Le'esha smiled and shook her head when the boy could only give her a confused look. "The two of you grabbed hold of the Threads and pulled power from them...and somehow made
them like a sponge, to pull more power into them. That saved you both from being incinerated by the power flowing through you, because it absorbed all the excess you could not handle. Which is a mercy from the Estall, because you took the brunt of it, my lad, shielding Ceera."
"We used it. We changed it, so it doesn't hurt us," Ceera said, nodding for emphasis hard enough to make her silvery hair tug free of her braids. Then she grinned, like the little girl she truly was. "We just can't remember how we did it."
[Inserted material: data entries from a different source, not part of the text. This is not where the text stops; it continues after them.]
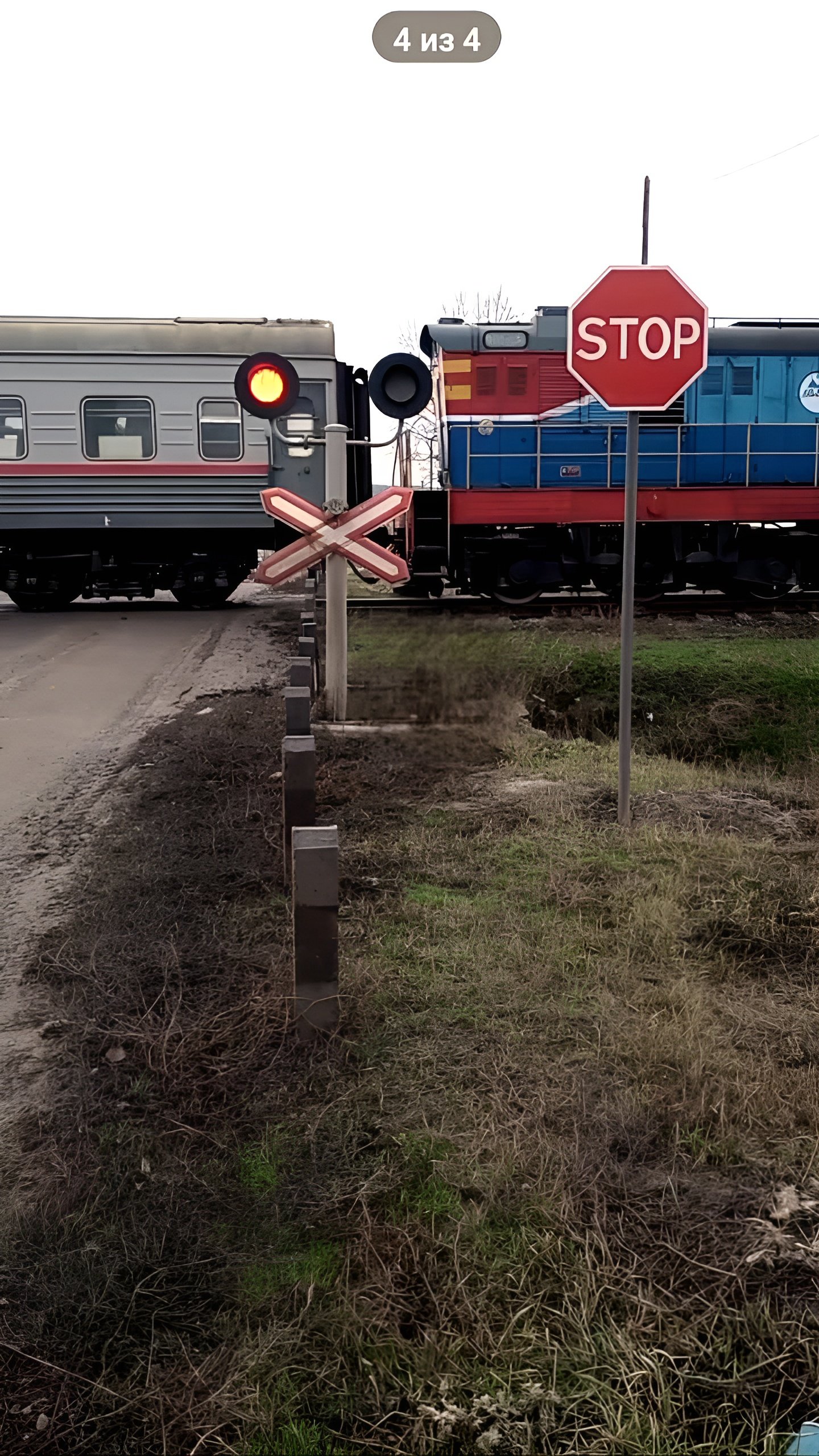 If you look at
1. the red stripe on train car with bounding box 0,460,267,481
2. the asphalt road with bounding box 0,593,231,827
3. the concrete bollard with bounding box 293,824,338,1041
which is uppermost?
the red stripe on train car with bounding box 0,460,267,481

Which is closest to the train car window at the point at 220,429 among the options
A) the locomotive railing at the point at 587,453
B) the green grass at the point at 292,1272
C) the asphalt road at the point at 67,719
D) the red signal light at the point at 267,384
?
the asphalt road at the point at 67,719

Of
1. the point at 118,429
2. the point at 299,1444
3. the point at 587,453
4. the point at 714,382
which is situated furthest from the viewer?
the point at 118,429

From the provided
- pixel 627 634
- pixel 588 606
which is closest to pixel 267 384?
pixel 627 634

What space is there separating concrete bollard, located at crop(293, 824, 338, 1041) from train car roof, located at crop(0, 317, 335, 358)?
1505cm

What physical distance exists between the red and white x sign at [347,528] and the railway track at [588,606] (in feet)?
23.0

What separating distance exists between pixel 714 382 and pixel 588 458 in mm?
2102

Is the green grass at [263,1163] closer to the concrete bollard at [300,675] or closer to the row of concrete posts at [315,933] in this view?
the row of concrete posts at [315,933]

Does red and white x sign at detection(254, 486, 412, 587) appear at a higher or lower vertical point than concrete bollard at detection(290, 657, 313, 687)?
higher

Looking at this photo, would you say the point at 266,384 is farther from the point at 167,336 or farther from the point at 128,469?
the point at 167,336

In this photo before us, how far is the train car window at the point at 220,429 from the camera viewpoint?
17.8 m

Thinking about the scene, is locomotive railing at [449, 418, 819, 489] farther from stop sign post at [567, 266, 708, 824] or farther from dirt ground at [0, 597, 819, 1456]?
dirt ground at [0, 597, 819, 1456]

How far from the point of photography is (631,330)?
19.7 ft

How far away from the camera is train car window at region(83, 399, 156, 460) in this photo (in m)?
17.6

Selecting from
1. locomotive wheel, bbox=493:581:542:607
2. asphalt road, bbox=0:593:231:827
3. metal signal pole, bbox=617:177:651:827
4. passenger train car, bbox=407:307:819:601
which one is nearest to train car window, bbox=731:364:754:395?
passenger train car, bbox=407:307:819:601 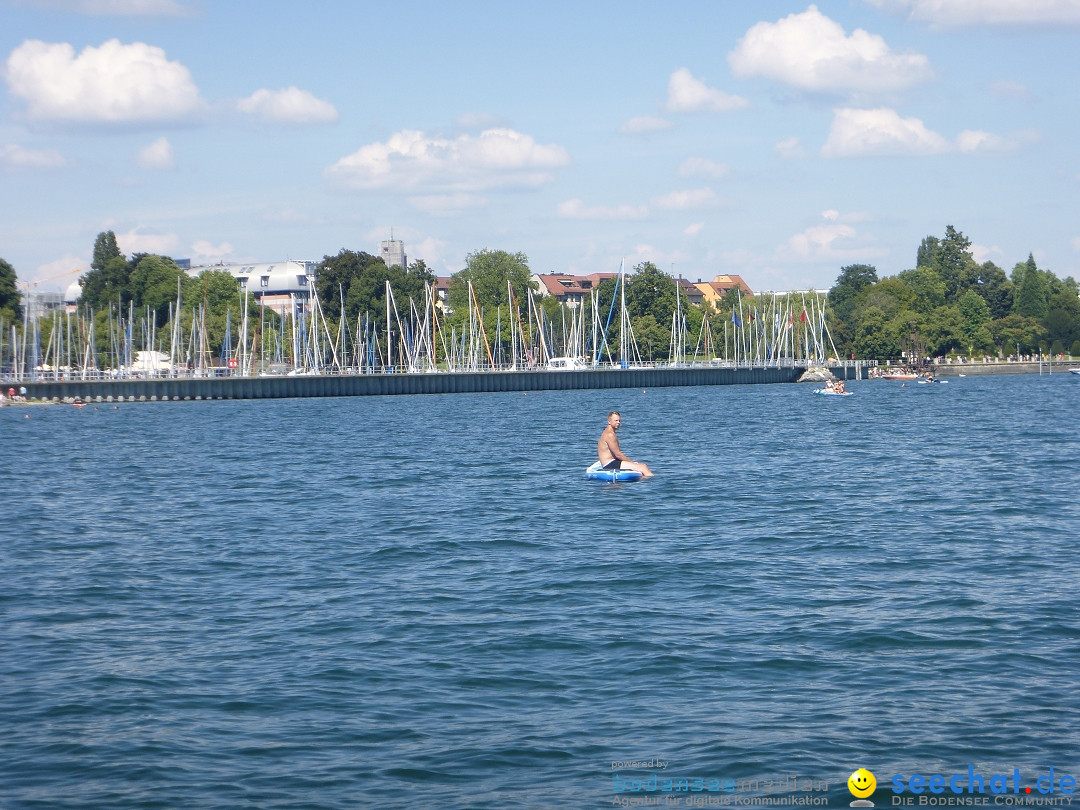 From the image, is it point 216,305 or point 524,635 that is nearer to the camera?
point 524,635

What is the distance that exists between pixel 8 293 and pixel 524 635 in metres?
150

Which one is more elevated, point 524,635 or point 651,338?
point 651,338

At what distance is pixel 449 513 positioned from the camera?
32.1m

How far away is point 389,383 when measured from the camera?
13400 cm

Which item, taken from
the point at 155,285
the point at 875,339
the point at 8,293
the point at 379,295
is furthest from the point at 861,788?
the point at 875,339

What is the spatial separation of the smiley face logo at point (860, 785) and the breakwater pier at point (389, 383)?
117327 mm

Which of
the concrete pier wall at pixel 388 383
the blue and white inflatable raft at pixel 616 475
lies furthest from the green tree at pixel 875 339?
the blue and white inflatable raft at pixel 616 475

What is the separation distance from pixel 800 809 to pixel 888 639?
6.38 metres

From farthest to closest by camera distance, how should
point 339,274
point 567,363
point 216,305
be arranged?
point 216,305 → point 339,274 → point 567,363

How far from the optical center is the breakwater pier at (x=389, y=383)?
12106cm

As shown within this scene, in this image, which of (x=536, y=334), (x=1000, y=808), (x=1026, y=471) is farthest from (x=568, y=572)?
(x=536, y=334)

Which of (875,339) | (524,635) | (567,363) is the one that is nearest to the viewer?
(524,635)

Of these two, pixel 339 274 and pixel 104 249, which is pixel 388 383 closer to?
pixel 339 274

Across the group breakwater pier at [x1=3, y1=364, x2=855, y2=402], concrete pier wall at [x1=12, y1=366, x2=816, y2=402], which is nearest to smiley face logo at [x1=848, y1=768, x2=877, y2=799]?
breakwater pier at [x1=3, y1=364, x2=855, y2=402] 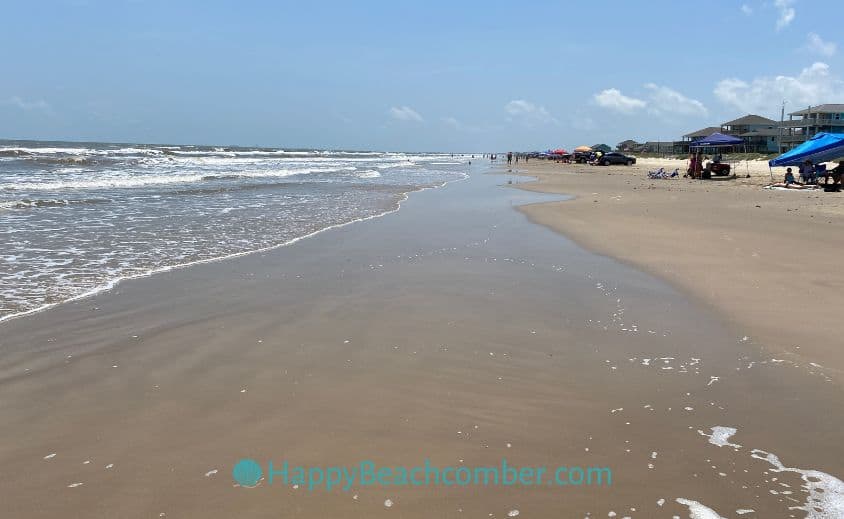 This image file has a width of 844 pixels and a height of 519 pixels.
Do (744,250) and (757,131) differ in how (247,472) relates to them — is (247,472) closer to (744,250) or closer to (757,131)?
(744,250)

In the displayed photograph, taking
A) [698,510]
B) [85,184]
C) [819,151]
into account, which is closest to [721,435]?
[698,510]

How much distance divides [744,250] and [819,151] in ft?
50.5

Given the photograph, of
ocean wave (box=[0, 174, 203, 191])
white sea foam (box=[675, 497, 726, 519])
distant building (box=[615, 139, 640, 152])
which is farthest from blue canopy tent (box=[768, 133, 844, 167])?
distant building (box=[615, 139, 640, 152])

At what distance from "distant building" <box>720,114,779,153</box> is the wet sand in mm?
76200

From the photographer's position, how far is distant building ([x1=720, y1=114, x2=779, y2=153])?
7019 centimetres

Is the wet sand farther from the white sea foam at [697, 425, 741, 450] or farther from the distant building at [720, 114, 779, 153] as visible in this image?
the distant building at [720, 114, 779, 153]

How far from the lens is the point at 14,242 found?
8953 mm

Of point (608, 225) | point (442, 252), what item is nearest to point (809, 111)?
point (608, 225)

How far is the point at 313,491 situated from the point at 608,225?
10.4 m

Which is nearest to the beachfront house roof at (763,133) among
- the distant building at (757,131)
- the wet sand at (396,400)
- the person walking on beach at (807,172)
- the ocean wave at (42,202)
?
the distant building at (757,131)

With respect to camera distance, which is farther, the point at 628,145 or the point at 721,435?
the point at 628,145

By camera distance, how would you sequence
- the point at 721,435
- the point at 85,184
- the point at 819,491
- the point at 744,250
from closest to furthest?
the point at 819,491
the point at 721,435
the point at 744,250
the point at 85,184

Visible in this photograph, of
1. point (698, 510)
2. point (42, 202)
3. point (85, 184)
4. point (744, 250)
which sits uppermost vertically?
point (85, 184)

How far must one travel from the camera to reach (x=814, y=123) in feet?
215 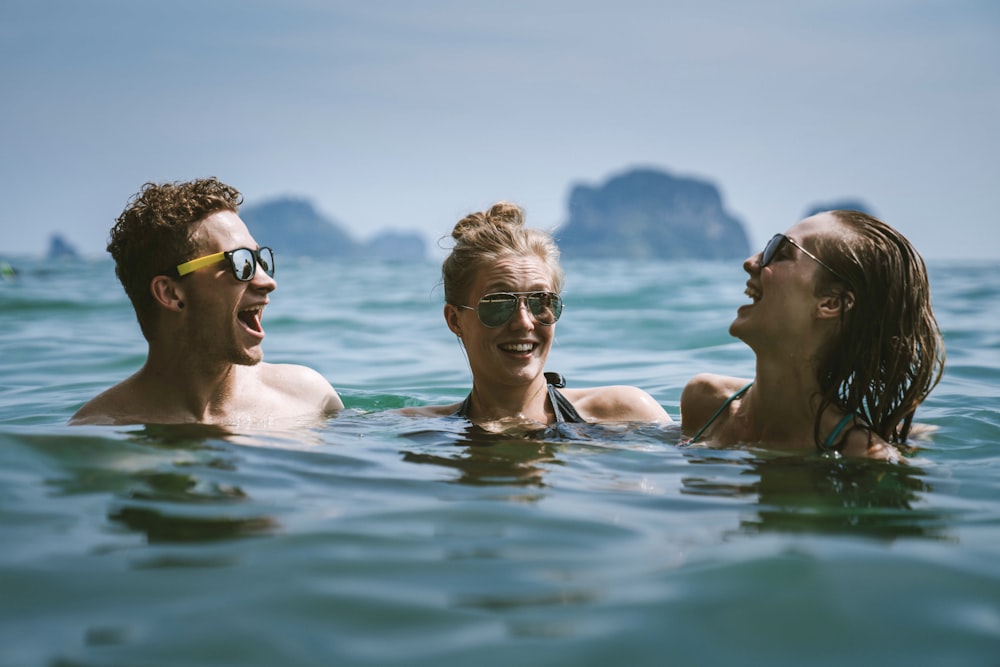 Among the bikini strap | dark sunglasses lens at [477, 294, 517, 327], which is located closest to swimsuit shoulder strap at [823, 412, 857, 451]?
the bikini strap

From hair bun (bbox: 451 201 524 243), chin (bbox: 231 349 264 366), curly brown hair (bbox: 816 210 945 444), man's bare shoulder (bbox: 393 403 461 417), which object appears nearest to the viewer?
curly brown hair (bbox: 816 210 945 444)

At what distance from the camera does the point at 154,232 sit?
4.96 meters

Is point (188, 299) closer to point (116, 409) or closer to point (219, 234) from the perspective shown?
point (219, 234)

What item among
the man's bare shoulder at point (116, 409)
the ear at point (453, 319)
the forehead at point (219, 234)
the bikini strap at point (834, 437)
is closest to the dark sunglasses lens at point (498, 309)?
the ear at point (453, 319)

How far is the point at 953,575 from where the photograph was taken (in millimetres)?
2939

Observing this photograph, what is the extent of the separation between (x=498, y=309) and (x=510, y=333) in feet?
0.42

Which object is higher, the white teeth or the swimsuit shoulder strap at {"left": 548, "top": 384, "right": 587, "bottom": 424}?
the white teeth

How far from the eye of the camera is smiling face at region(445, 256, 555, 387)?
497 centimetres

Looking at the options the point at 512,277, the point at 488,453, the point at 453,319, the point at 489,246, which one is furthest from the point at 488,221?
the point at 488,453

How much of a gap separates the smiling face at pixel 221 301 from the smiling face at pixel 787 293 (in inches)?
90.8

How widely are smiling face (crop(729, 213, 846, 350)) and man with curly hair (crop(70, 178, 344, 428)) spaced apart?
2316mm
"And that is why we are here, to work with Breylon and the most powerful Rey'kil enchanters and most knowledgeable scholars, to discover what happened and how we can use it in the future." Le'esha held out her hand, and Mrillis gave his hand into her grasp. "You have a destiny that was written before you were born. You do not have the right to risk yourself so recklessly again, do you understand?"
"I didn't know what I was doing!" the boy protested. The effort made his head hurt.
"All the more reason to train you thoroughly," Breylon said from the doorway. "So you'll understand what you're trying to do, when you attempt the impossible." He shook his head. Though his mouth pulled down in a sour frown, his eyes twinkled with mischief. "Only the young are able to accomplish the impossible. When you become ancient, you'll be too busy telling everyone else to be careful."
Ceera giggled.
"Mrillis, you are all I have left of your mother, who was very dear to me. Don't break my heart with worry, please," Le'esha added on a whisper. She leaned forward out of her chair and kissed the boy's forehead. Her touch drove away the ache throbbing from his temples through his head, so he had feared his skull would burst open.
* * * *
"My friends and colleagues, we have been fools," Breylon began, when Mrillis and Ceera had taken their seats in the long meeting hall in the center of Wynystrys.
To the boy's surprise, he saw mostly nods and somber looks that agreed with Breylon's assessment, and even a large number of sheepish grins and heads shaken in bemusement.